**WHAT IS EXPECTED**
Omitting the pictures, print every line below exactly as it stands.

** Opening SOURCE MATERIAL block **

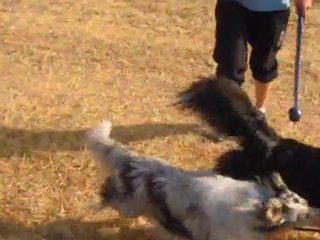 dako et les autres 005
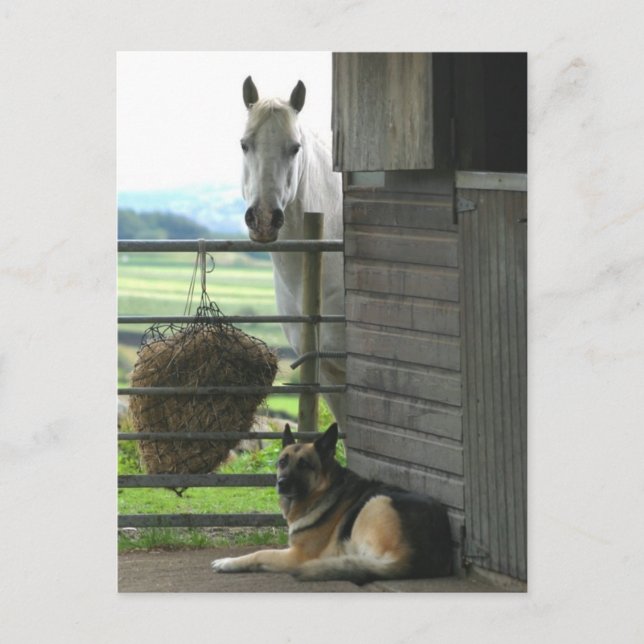 Cartão Postal Cavalo e Cão (Frente)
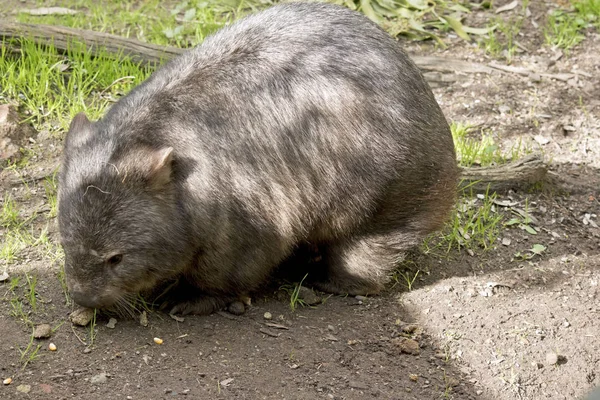 This is a side view of a wombat eating grass — Stock Photo, Image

** Closing SOURCE MATERIAL block **

**SOLUTION FOR THIS TASK**
 dako et les autres 005
 Cartão Postal Cavalo e Cão (Frente)
 This is a side view of a wombat eating grass — Stock Photo, Image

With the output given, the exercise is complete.